Showing $[K(x):K(\frac{x^5}{1+x})]=5$?

We only need to show that the polynomial $x^5-\alpha x - \alpha$ is irreducible over $K(\alpha)[x]$. Note that the polynomial is primitive, thus it suffices to show it is irreducible over $K[\alpha][x]$.

We use the idea of Eisenstein criterion, let $\varphi:K[\alpha]\to K$ be the evaluation map sending $\alpha \mapsto 0$. Extend this homomorphism to get $\pi: K[\alpha][x]\to K[x]$. If $x^5-\alpha x -\alpha = fg$, with $f,g \in K[\alpha][x]$, $f,g$ non-unit. Then $$\pi(f)\pi(g) = x^5$$ Note that $\ker \pi = (\alpha)$, the ideal generated by $\alpha$.

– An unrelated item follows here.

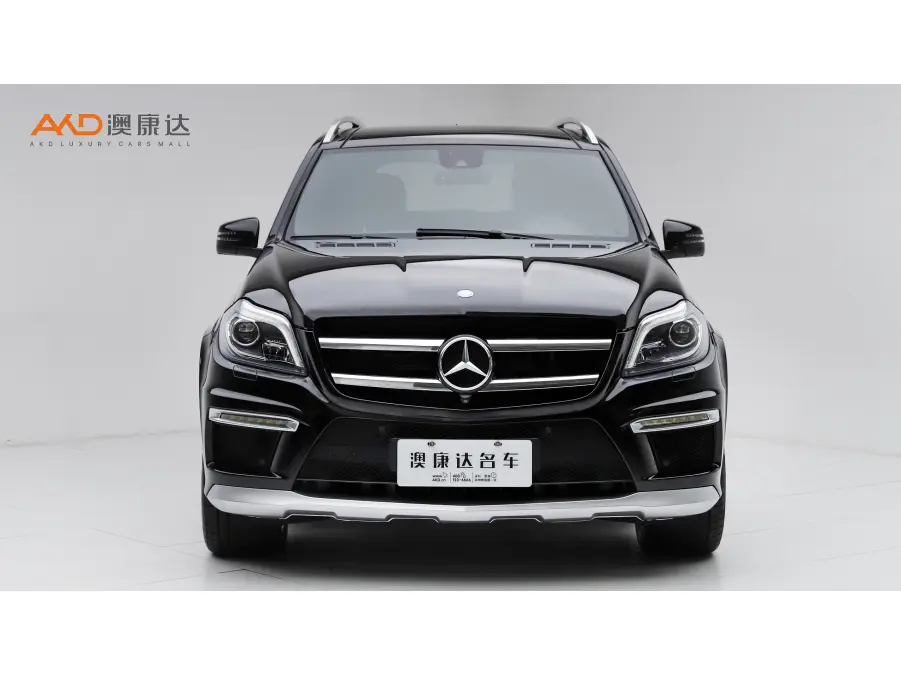 Mercedes-Benz GL-Class AMG  из Китая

Since $K[x]$ is a UFD, $f = x^r + \alpha f_0, g = x^{5-r} + \alpha g_0$, where $f_0,g_0\in K[\alpha][x]$. But this would imply that the constant term of $fg$ is a multiple of $\alpha^2$. Hence $x^5-\alpha x -\alpha$ is irreducible over $K[\alpha][x]$.